:: Given material ::
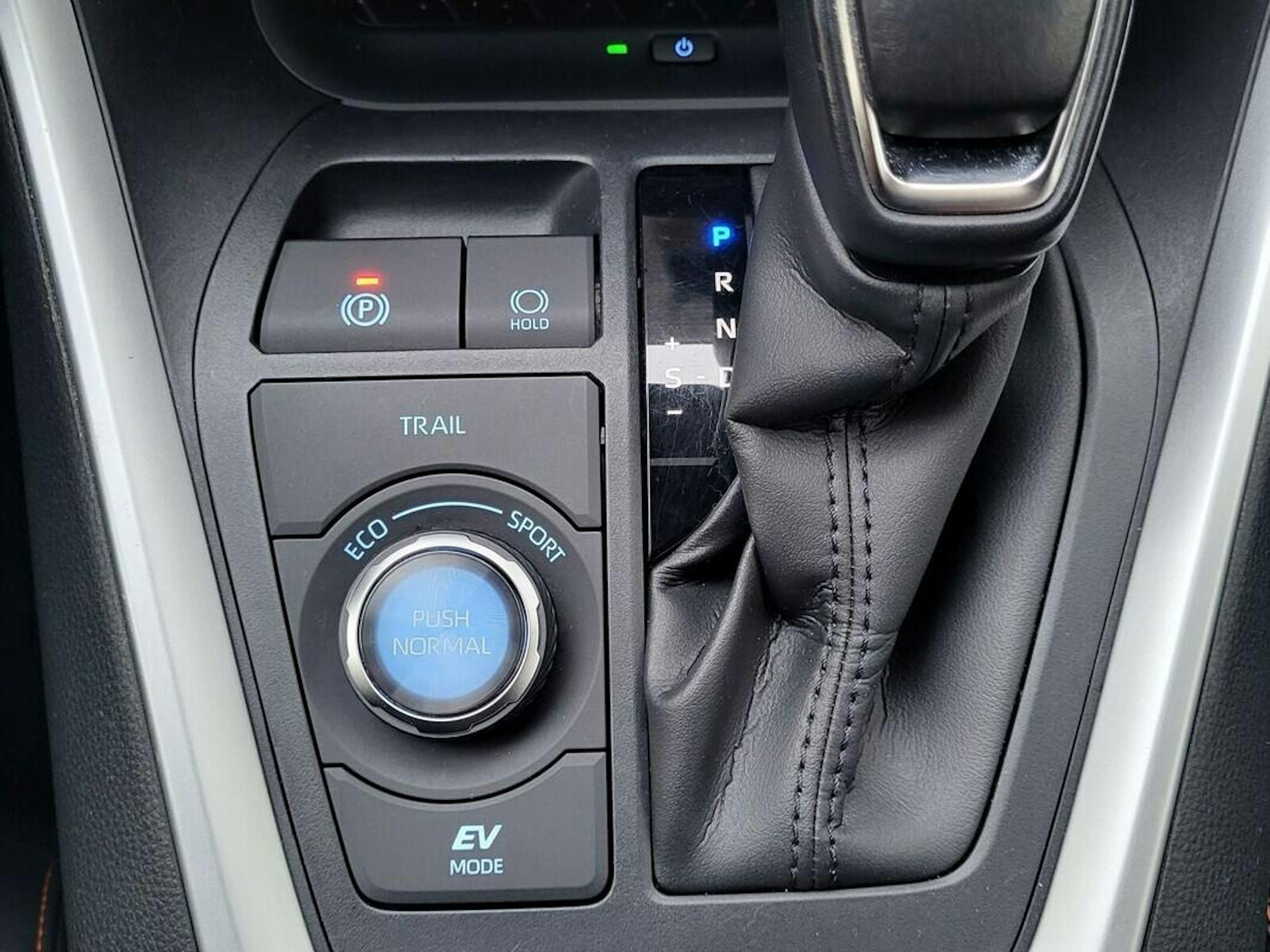 harmaa Toyota RAV4 2022 kuva 9.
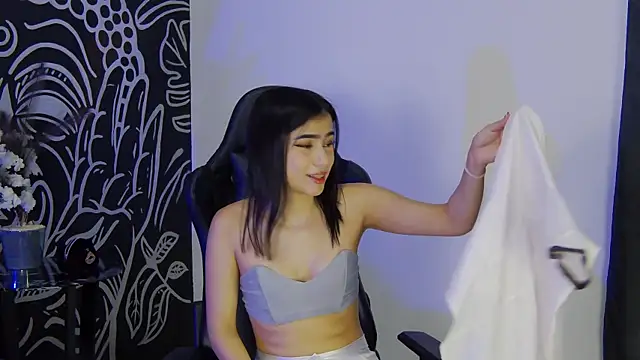 Arii moon online show from 17, 12, 2025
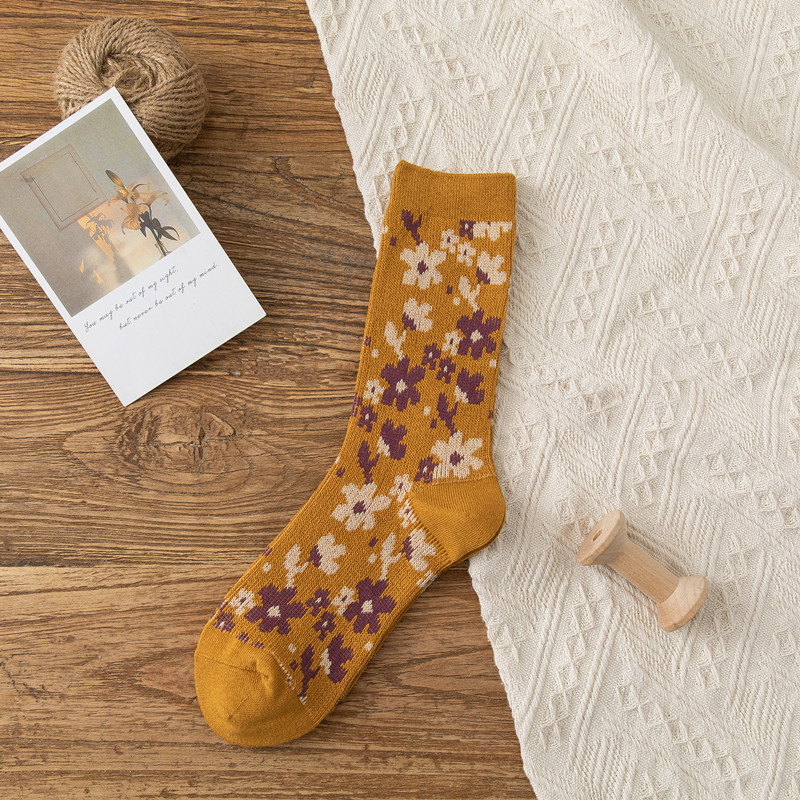 Retro Floral Ladies' Socks - Green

:: Exercise ::
Transcribe exactly the line that contains "Arii moon online show from 17, 12, 2025" and each line after it through the end of the listing. Leave out the pictures.

:: Finished task ::
 Arii moon online show from 17, 12, 2025
 Retro Floral Ladies' Socks - Green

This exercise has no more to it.